If you're going that way, turn off to Adenkirke, Junction 1 in belgium, follow the signs for Plotzeland, its a sort of disney-thorpe park- equivilent for children, and s'posed to be good, or at least, thats what the boys said when they went there for the day at the end of a school trip to benelux.


----------



## SidT (May 9, 2005)

Hi. Bandaid & Autoquest. I think the signs say Plopsaland. there is plenty on it if you google it.
Cheers Sid


----------



## sylke (Sep 10, 2007)

Hi Guys, we just got back from 5 days in France. Went across on eurotunnel at night,cos it was cheaper.Too late to get in camping car park at Calais, it was full.Went up the road and stayed in aires for free, went on down towards Caen, stayed in Yelloh! campsite at La Côte de Nacre.Very good waterpark for the kids,very close to beach,but you do have to look very hard to find it. But well worth finding. Went on down to Mont St. Michel,walked up to the top (gives myself pat on the back) stayed in carpark overnight & watched the Mont light up after dark (AWESOME).Drove back to LeHarve & caught the ferry back to Portsmouth,stayed at Southsea campsite,then on up to Crystel Palace campsite,saw Dirty Dancing in London,& then back home to Devon. And a good time we had too.


----------



## Gasper (Apr 26, 2006)

Thanks guys! the trouble is - with so many good suggustions, which way should we turn on Calais? have to make it to 2 or 3 trips to visit all the places


----------



## Zebedee (Oct 3, 2007)

Gasper said:


> Thanks guys! the trouble is - with so many good suggustions, which way should we turn on Calais? have to make it to 2 or 3 trips to visit all the places


So??

No problem at all.
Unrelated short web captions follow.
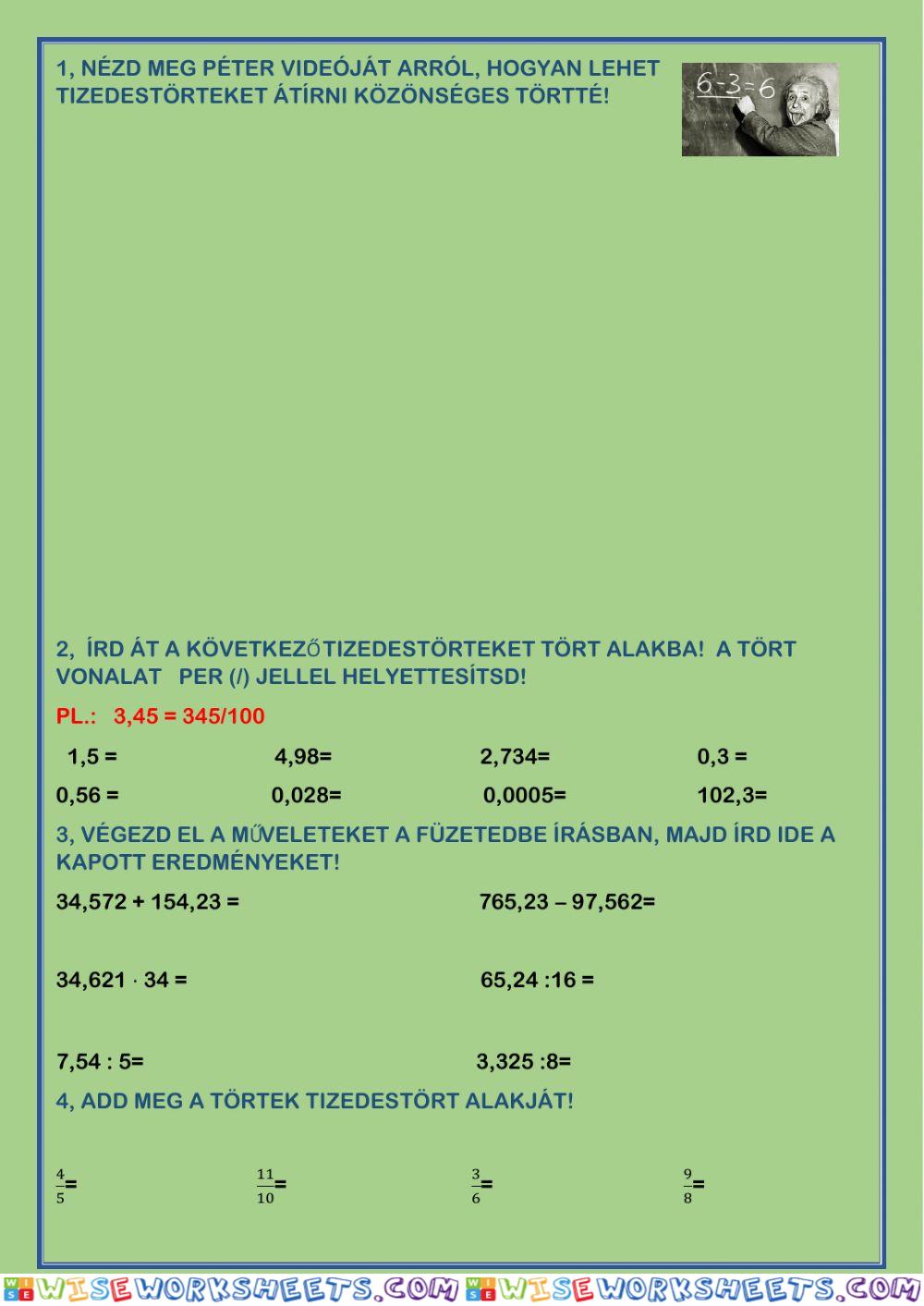 Tizedestörtek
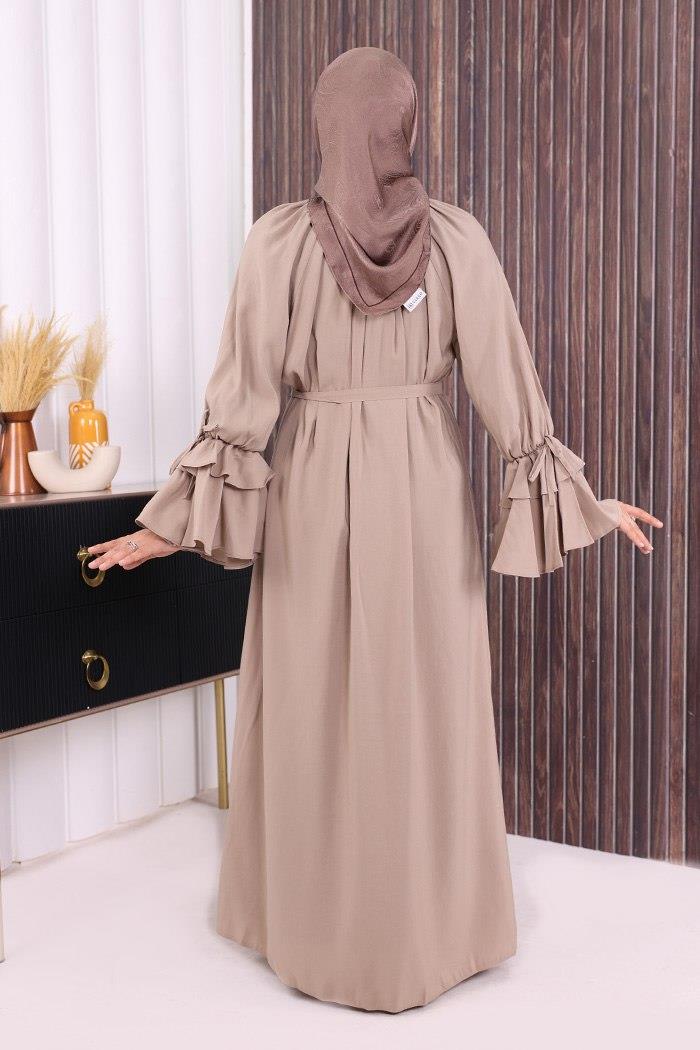 Fırfırlı Elbise Vizon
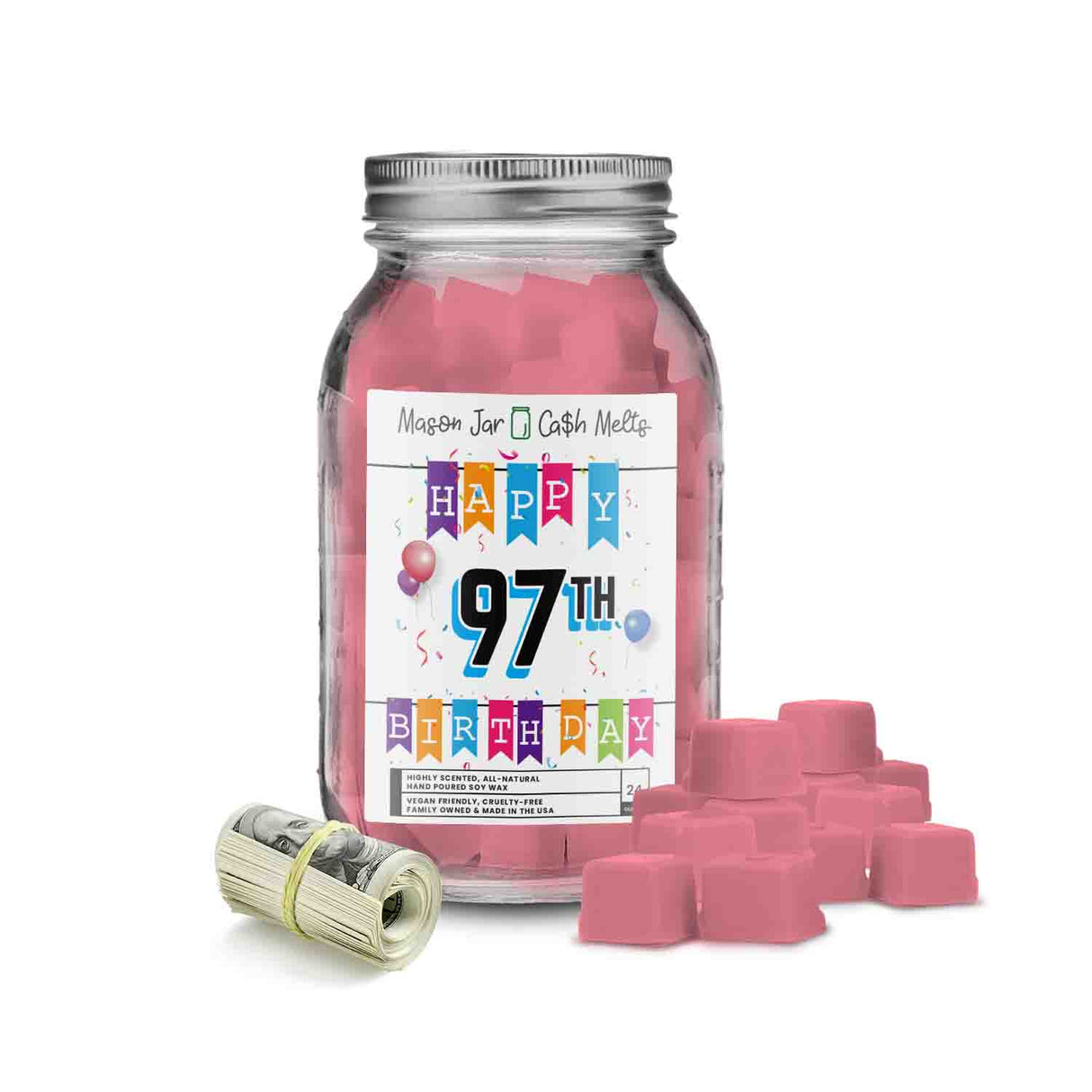 Happy 97th Birthday Mason Jar Cash Melts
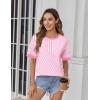 image:imageZeagoo Womens Tops Casual Oversized Short Sleeve Sweatshirt Summer Striped Shirt Crewneck Pullover Loose T Shirts BlousePink Stripes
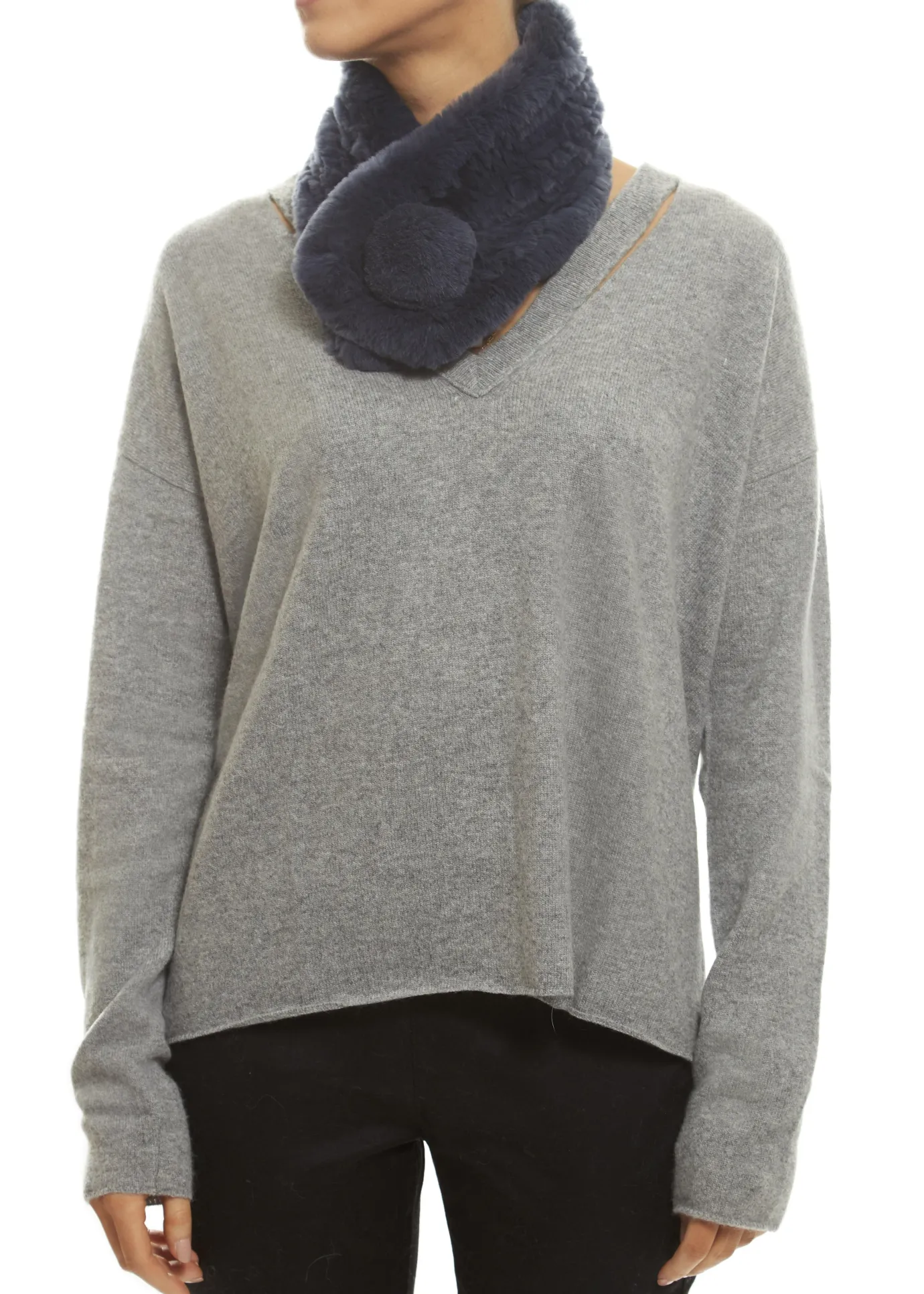 Dark Blue Bobble Knitted Rabbit Luxury Fur Scarf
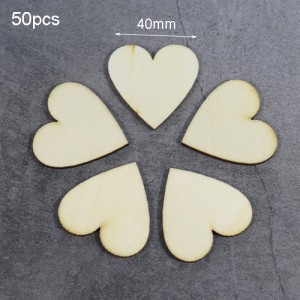 Medinės figūrėlės "Meilės širdelės 5" (50 vnt., 40 mm)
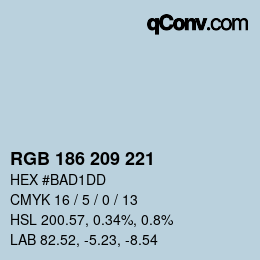 カラーコード: RGB 186 209 221 | qconv.com
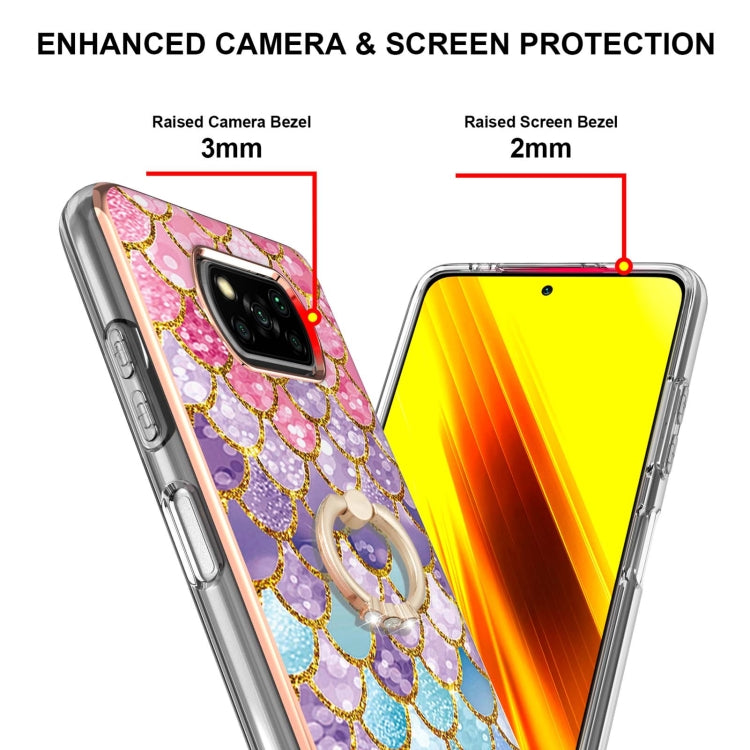 For Xiaomi Poco X3 NFC Electroplating Pattern IMD TPU Shockproof Case with Rhinestone Ring Holder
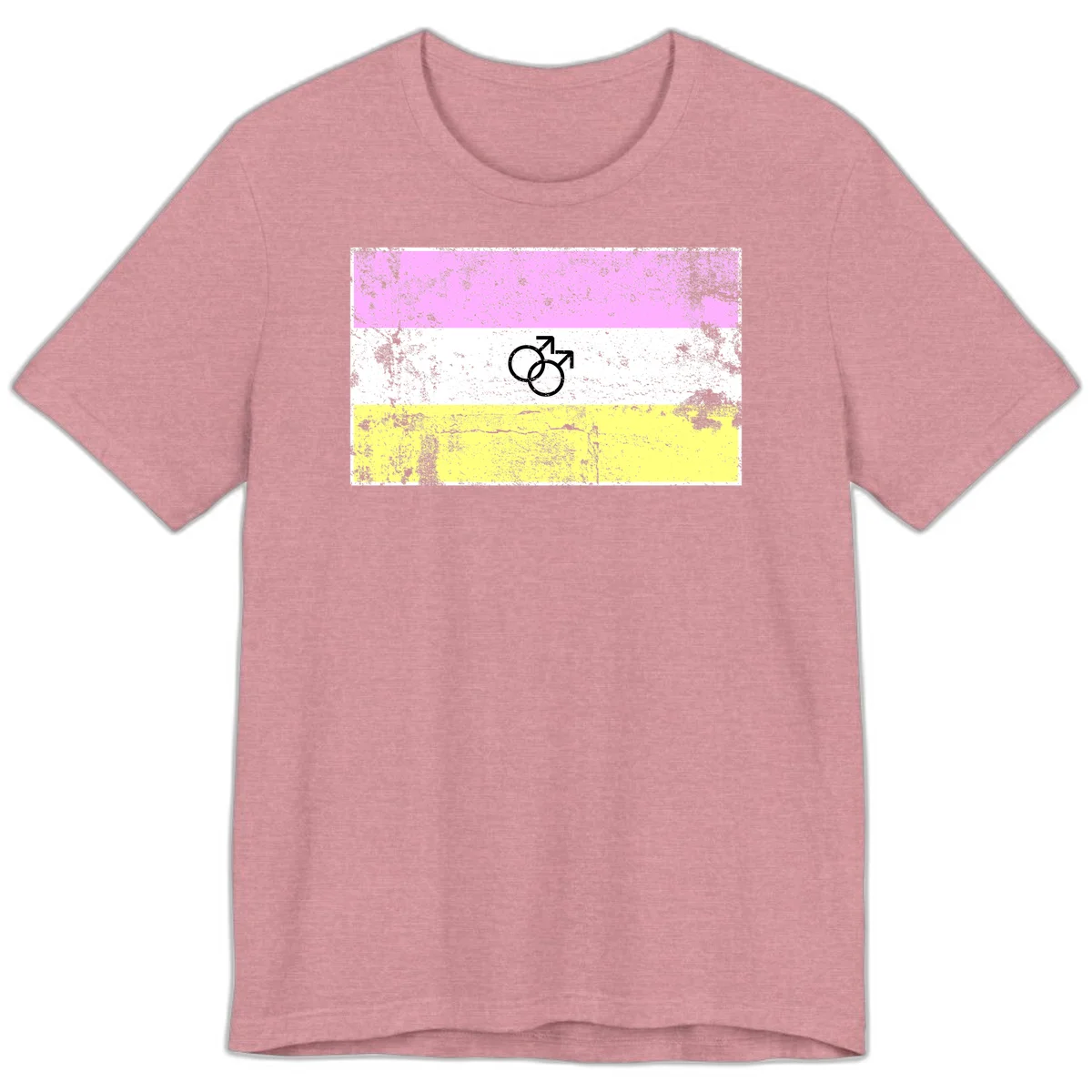 Male pride flag design with interlocking mars symbols on pink, white, and yellow horizontal stripes with distressed texture in Heather Orchid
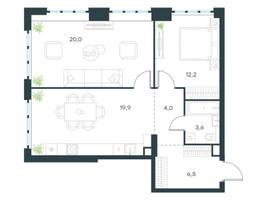 Планировка двухкомнатной(квартира) площадью 66.2 квадратных метров в “ЖК Левел Южнопортовая”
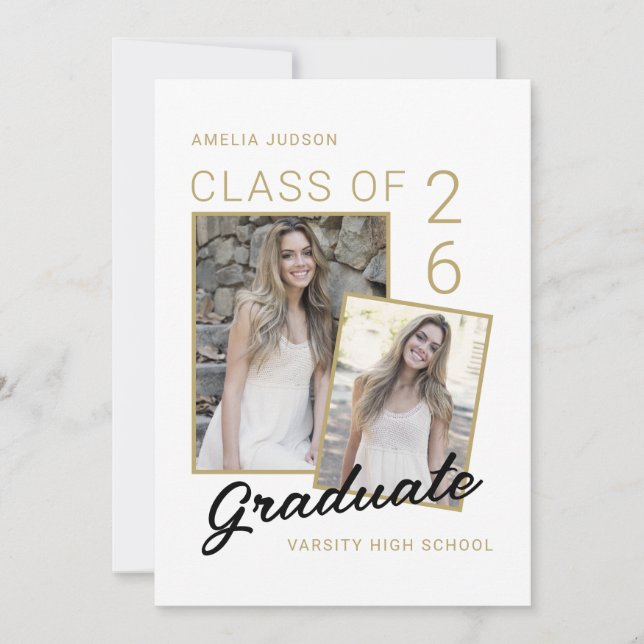 Faire-part Classe De 25 Diplômes De Photo Et De Bio Script (Devant)
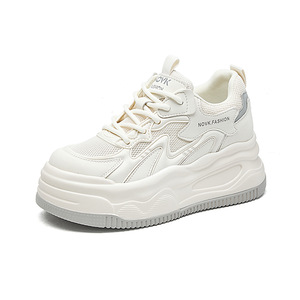 Nouvelle Collection Printemps 2026 : Baskets Blanches à Semelle Épaisse et Bout Rond pour Femmes de Petite Taille, Rehaussant la Silhouette, Style Sophistiqué - Product Image 1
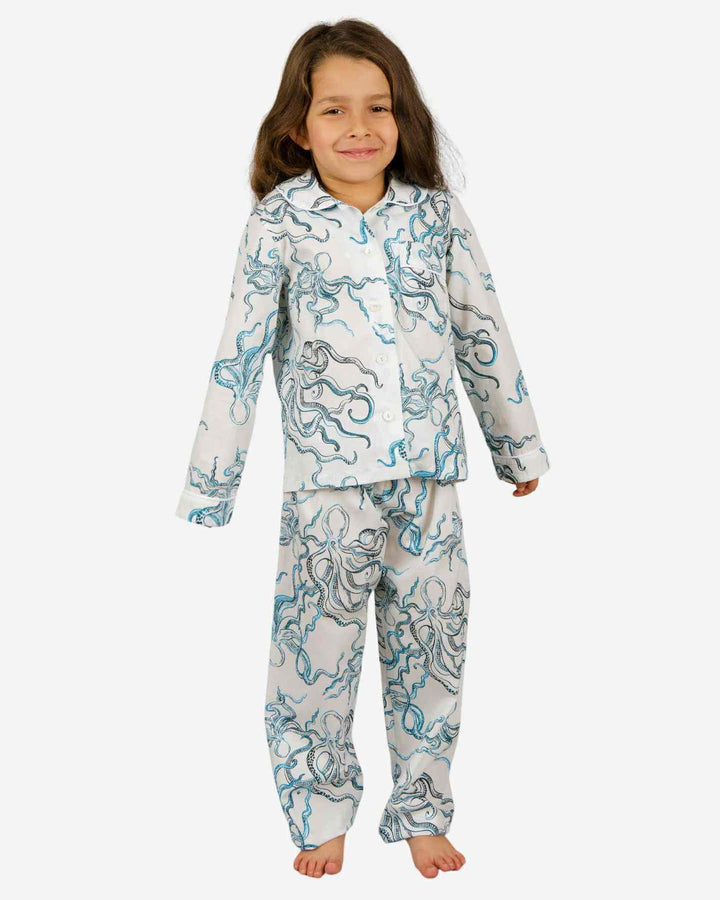 Girls Long Pyjamas - Octopus Indigo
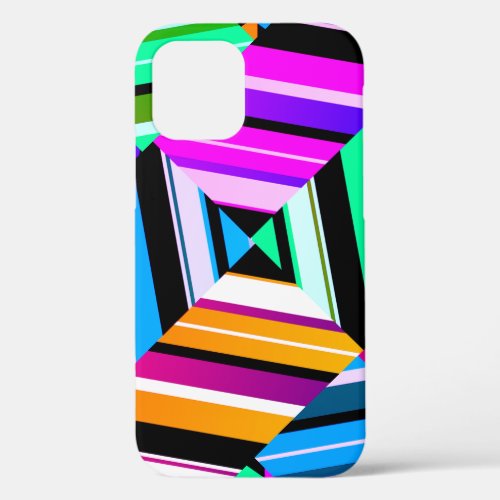 Retro geometric colorful pattern  iPhone 12 case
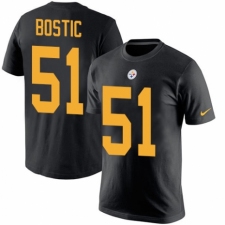 Nike Pittsburgh Steelers #51 Jon Bostic Black Rush Pride Name & Number T-Shirt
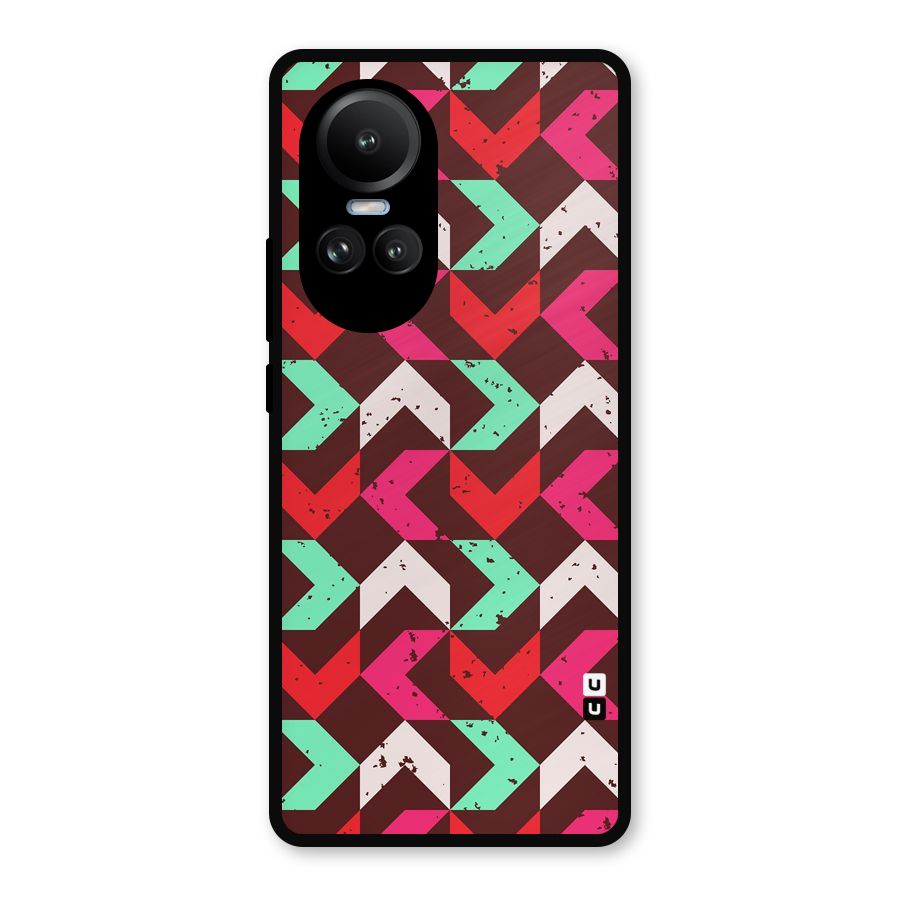 Retro Red Pink Pattern Metal Back Case for Oppo Reno10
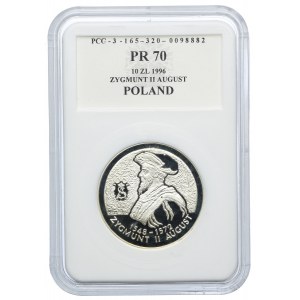 10 złotych 1996, Zygmunt II August, popiersie, PCG PR70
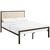 Mia Full Fabric Bed Frame, Beige Fabric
You have a motorhome!! :lol: :lol: :lol: :lol: :lol: :lol: :lol: :lol:


----------



## tonyt (May 25, 2005)

Gasper said:


> Thanks guys! the trouble is - with so many good suggustions, which way should we turn on Calais? have to make it to 2 or 3 trips to visit all the places


2 or 3 - you must be kidding!!   

After 20 or 30 trips you may be getting close to scratching the surface.

Keep it simple - just pick one or two places and save the rest for next time and next time and n........


----------



## Autoquest (May 16, 2007)

Thanks for the all the help and advice - Spot on as always. We'll let you know how we get on.


----------



## Zebedee (Oct 3, 2007)

Autoquest said:


> Thanks for the all the help and advice - Spot on as always. We'll let you know how we get on.


If you or any friends smoke, the filthy weed is very much cheaper in Belgium than almost anywhere else on the Continent.

Have fun


----------